-- PROVIDED RECORDS follows --

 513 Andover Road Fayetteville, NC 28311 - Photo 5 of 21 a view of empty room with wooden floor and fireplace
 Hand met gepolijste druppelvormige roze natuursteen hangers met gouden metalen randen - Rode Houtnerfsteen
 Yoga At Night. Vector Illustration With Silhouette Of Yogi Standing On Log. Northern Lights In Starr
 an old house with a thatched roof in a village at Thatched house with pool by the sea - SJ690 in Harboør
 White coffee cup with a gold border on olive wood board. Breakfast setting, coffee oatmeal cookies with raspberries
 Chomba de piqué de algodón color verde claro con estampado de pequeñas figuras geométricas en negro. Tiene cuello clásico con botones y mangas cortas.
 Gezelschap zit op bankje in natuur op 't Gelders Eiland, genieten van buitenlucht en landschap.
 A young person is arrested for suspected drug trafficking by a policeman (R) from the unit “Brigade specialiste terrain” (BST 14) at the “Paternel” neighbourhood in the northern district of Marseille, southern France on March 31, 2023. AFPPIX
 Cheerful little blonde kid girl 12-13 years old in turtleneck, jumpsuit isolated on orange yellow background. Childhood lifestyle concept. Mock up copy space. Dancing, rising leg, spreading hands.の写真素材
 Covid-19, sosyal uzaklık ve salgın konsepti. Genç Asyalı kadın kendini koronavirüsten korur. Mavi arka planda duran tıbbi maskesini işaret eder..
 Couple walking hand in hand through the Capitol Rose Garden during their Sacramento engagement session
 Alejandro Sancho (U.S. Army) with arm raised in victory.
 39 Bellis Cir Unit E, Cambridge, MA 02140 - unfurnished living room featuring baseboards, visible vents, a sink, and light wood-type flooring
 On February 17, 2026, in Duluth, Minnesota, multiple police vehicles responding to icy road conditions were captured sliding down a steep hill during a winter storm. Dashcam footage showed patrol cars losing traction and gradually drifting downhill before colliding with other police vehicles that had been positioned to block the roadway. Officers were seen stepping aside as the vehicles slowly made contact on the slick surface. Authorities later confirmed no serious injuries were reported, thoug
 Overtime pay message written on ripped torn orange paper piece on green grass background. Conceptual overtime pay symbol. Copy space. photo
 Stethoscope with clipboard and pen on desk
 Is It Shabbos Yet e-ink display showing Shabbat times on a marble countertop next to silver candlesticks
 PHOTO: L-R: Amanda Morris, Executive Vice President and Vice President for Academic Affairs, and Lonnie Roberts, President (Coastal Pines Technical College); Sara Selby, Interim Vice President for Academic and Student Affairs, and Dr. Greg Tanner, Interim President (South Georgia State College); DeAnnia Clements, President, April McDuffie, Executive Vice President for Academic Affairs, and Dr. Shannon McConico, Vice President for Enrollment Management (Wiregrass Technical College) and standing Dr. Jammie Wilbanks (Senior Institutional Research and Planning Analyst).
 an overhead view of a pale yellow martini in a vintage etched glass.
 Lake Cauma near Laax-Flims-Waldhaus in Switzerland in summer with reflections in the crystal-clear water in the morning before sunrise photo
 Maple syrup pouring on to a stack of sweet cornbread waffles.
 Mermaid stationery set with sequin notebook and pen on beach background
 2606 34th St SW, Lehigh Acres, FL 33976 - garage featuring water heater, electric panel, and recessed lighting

-- PROVIDED RECORDS concluded --

→ **TASK OBJECTIVE**: The answer must be every line from the records above that contains the word "featuring", copied in full.

→ **ANSWER TO THE EXERCISE**:
 39 Bellis Cir Unit E, Cambridge, MA 02140 - unfurnished living room featuring baseboards, visible vents, a sink, and light wood-type flooring
 2606 34th St SW, Lehigh Acres, FL 33976 - garage featuring water heater, electric panel, and recessed lighting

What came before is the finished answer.